Sürdürülebilir bir hayvansal üretim için önceliğimiz, et ve süt fiyatlarında istikrarlı bir piyasanın oluşmasını sağlamak olmalıdır. Diğer taraftan et fiyatlarında yaşanan artışların bazı kesimlerce daha fazla fırsata çevrilmesine de karşıyız. Özellikle Ramazan ayında marketlerde halkı et tüketmekten mahrum edecek fiyat artışlarına karşı denetimler daha fazla artırılmalıdır.
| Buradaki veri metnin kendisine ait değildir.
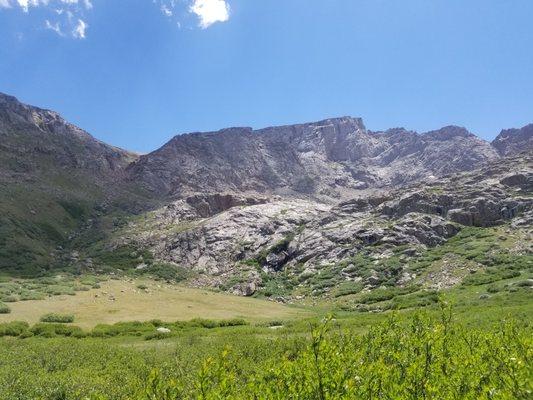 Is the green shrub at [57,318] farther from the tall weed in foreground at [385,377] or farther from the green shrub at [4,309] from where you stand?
the tall weed in foreground at [385,377]

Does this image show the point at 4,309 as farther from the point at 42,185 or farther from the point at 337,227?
the point at 42,185

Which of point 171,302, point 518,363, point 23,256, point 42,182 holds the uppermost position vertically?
point 42,182

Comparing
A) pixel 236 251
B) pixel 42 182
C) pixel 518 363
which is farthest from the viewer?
pixel 42 182

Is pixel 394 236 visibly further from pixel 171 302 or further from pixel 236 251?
pixel 171 302

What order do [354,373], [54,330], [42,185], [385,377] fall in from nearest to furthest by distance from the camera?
[385,377]
[354,373]
[54,330]
[42,185]

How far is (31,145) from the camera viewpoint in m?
167

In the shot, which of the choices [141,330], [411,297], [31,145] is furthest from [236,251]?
[31,145]

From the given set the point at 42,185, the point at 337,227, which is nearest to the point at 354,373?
the point at 337,227

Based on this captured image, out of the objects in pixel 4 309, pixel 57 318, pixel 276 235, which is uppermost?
pixel 276 235

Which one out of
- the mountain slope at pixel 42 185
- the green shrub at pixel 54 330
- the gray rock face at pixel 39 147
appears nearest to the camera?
the green shrub at pixel 54 330

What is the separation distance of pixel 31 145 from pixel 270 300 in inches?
5242

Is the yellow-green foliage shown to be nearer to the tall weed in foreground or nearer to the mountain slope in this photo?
the tall weed in foreground

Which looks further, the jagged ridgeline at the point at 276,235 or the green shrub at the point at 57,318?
the jagged ridgeline at the point at 276,235

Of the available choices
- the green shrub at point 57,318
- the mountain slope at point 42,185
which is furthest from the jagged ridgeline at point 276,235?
the green shrub at point 57,318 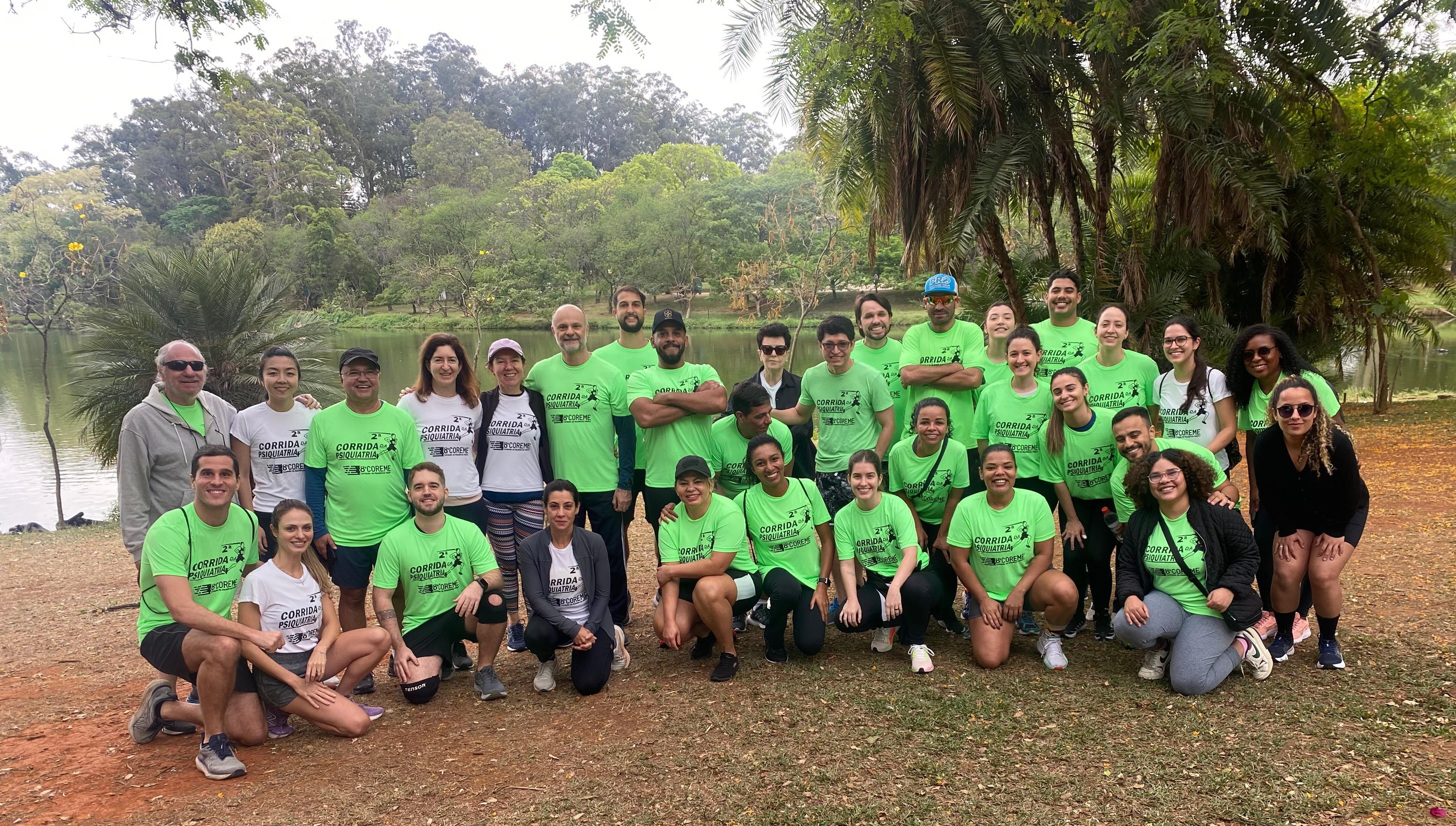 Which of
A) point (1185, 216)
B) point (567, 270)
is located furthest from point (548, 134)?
point (1185, 216)

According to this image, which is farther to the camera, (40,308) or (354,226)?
(354,226)

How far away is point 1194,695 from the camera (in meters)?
4.38

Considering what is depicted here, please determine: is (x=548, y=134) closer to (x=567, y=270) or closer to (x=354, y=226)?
(x=354, y=226)

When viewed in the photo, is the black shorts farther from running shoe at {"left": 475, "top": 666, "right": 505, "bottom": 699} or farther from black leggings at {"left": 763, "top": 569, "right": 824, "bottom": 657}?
black leggings at {"left": 763, "top": 569, "right": 824, "bottom": 657}

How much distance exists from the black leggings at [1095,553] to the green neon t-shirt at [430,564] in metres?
3.34

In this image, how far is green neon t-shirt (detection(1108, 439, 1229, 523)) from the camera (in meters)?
4.75

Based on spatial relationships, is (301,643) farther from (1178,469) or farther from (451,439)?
(1178,469)

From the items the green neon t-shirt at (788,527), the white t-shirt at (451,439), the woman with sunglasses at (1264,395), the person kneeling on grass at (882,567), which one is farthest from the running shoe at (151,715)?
the woman with sunglasses at (1264,395)

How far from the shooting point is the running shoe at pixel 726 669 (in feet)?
16.2

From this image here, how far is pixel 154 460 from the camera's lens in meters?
4.97

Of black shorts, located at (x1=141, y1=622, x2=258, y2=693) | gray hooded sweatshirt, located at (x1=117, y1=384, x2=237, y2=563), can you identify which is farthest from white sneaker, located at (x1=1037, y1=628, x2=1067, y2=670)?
gray hooded sweatshirt, located at (x1=117, y1=384, x2=237, y2=563)

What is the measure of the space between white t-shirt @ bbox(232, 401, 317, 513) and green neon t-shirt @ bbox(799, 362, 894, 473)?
9.95ft

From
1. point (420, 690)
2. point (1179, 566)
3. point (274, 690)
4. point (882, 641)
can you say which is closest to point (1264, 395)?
point (1179, 566)

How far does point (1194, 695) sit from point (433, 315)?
166 ft
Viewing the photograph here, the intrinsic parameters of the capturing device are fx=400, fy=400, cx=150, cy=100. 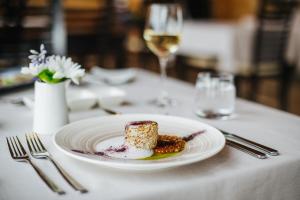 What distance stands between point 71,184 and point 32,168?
4.3 inches

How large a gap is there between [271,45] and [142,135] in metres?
2.81

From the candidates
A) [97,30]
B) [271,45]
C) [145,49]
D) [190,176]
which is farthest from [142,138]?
[145,49]

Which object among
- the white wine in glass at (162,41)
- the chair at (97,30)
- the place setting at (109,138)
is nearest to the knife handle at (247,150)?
the place setting at (109,138)

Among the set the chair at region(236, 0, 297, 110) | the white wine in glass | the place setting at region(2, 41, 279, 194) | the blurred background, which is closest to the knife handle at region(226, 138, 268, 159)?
the place setting at region(2, 41, 279, 194)

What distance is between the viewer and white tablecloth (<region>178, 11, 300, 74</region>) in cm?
358

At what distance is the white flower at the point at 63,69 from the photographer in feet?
2.64

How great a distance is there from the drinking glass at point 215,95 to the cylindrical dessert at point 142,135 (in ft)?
1.12

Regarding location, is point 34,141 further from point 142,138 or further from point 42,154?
point 142,138

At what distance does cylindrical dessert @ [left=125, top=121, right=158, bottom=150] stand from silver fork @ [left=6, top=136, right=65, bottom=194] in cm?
16

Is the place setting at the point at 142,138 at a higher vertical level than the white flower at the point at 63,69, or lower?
lower

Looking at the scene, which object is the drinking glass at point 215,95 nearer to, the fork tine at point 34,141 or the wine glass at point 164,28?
the wine glass at point 164,28

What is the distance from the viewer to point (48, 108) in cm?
85

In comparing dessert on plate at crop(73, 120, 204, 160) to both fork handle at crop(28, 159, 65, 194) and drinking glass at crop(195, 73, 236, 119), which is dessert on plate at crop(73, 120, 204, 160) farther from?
drinking glass at crop(195, 73, 236, 119)

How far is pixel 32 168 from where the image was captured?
658 millimetres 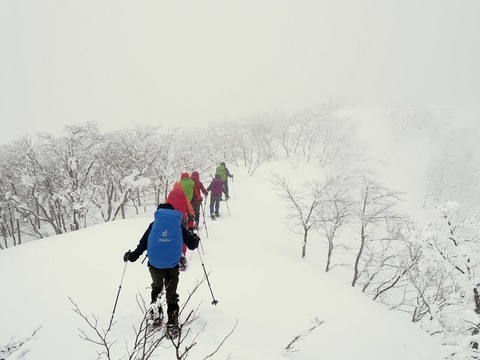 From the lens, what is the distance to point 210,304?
4934 millimetres

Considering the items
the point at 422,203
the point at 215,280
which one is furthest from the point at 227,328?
the point at 422,203

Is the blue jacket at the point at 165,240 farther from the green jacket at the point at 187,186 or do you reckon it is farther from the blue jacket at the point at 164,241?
the green jacket at the point at 187,186

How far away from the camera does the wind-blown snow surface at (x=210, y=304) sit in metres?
3.85

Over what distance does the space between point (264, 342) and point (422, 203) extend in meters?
41.1

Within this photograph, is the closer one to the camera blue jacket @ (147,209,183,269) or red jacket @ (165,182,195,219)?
blue jacket @ (147,209,183,269)

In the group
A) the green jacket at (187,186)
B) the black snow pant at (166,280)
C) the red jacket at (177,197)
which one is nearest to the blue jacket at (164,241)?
the black snow pant at (166,280)

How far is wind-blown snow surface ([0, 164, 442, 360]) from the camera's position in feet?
12.6

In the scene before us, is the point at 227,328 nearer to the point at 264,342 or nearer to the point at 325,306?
the point at 264,342

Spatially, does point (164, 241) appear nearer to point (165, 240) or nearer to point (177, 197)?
point (165, 240)

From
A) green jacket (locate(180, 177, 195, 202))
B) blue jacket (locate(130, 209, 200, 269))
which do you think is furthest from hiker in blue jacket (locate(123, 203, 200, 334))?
green jacket (locate(180, 177, 195, 202))

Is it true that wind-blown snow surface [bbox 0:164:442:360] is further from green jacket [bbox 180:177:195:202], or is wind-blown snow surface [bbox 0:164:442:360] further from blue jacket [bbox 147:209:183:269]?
green jacket [bbox 180:177:195:202]

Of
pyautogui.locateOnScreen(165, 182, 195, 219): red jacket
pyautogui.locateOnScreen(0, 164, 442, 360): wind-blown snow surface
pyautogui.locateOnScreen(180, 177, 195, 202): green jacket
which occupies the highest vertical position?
pyautogui.locateOnScreen(165, 182, 195, 219): red jacket

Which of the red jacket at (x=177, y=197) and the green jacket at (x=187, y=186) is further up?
the red jacket at (x=177, y=197)

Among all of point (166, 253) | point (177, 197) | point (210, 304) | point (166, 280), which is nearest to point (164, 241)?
point (166, 253) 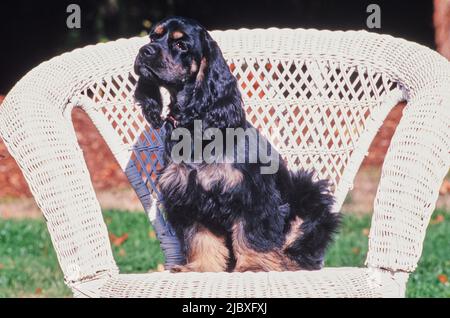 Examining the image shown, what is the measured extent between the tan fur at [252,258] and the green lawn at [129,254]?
1402 millimetres

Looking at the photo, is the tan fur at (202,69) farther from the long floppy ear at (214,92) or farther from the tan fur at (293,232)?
the tan fur at (293,232)

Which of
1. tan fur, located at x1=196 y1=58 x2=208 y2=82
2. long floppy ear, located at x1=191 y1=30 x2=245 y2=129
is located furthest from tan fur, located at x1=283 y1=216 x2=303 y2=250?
tan fur, located at x1=196 y1=58 x2=208 y2=82

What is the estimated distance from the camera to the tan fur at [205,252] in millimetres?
3756

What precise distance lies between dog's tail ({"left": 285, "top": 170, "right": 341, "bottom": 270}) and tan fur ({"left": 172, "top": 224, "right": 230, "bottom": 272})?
325mm

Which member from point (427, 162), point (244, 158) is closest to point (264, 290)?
point (427, 162)

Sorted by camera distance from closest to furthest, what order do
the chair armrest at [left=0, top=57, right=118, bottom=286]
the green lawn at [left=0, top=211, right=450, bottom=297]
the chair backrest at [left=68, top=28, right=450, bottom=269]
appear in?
the chair armrest at [left=0, top=57, right=118, bottom=286] → the chair backrest at [left=68, top=28, right=450, bottom=269] → the green lawn at [left=0, top=211, right=450, bottom=297]

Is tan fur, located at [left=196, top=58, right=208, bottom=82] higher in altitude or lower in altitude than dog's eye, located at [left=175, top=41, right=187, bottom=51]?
lower

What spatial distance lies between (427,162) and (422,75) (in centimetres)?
86

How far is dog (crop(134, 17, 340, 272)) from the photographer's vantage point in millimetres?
3789

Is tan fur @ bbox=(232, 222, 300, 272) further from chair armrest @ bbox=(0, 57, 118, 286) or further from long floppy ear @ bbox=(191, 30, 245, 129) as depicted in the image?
chair armrest @ bbox=(0, 57, 118, 286)

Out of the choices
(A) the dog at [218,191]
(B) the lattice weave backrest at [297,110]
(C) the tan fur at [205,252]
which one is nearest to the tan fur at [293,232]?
(A) the dog at [218,191]

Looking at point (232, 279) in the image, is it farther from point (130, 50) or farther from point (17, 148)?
point (130, 50)

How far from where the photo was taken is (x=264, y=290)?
9.50 ft

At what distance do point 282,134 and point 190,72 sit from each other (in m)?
0.84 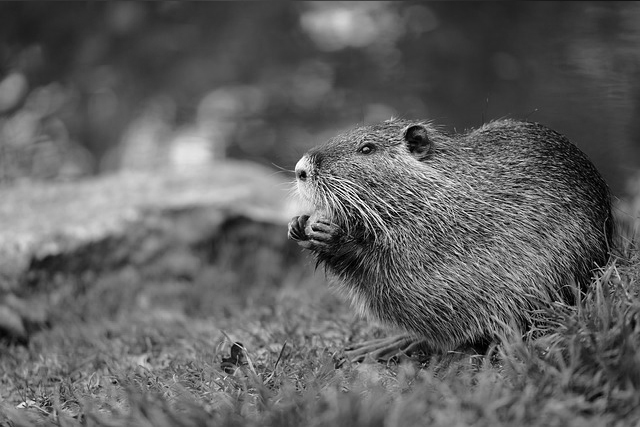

Yüksek maliyetle yetiştirilen ürünlerin marketlerde çok farklı fiyatlara satılması, artan enflasyonla birlikte tüketicinin alım gücünü iyice azaltıyor. Tüketicilerimiz, özellikle de emekliler hangi ürün hangi markette daha düşük fiyata satılıyor arayışına girdi. Ülkemizin içinde bulunduğu ekonomik şartlar nedeniyle ürün fiyatları marketlerde çok sık değişiyor. Maliyetler sebep gösterilerek marketler arası aynı marka ürünler ve et ürünleri farklı fiyatlara satılıyor.

Türkiye Ziraat Odaları Birliği olarak 4 farklı marketten ve bir marketin online sitesinden, temel tüketim malzemeleri içinden seçilen 8 gıda ürününün aynı marka ve miktardaki fiyat değişimlerine yönelik çalışma yaptık. Yaptığımız çalışma sonucunda ürünlerin belirli markalar tarafından paketlenmiş fiyatı marketten markete oldukça değişkenlik gösterdiği görüldü.

Et ve süt ürünlerinde; dana kuşbaşında yüzde 69 buçuk, tereyağında yüzde 40,2, kuzu kuşbaşında yüzde 38,4, bütün tavukta yüzde 23,3, yoğurtta yüzde 8,4, bitkisel ürünlerde ise; yeşil mercimekte yüzde 25,2, pirinçte yüzde 13,7, nohutta yüzde 5,6’ya varan oranlarda değişimler olduğu tespit edildi.

1 kilogram dana kuşbaşının fiyatı, A markette 354 lira, B markette 490 lira, C markette 465 lira, D markette 530 lira ve D marketin online satışında 600 liradır. Dana kuşbaşının farklı marketlerdeki fiyatı, yüzde 69 buçuk oranına kadar değişiyor.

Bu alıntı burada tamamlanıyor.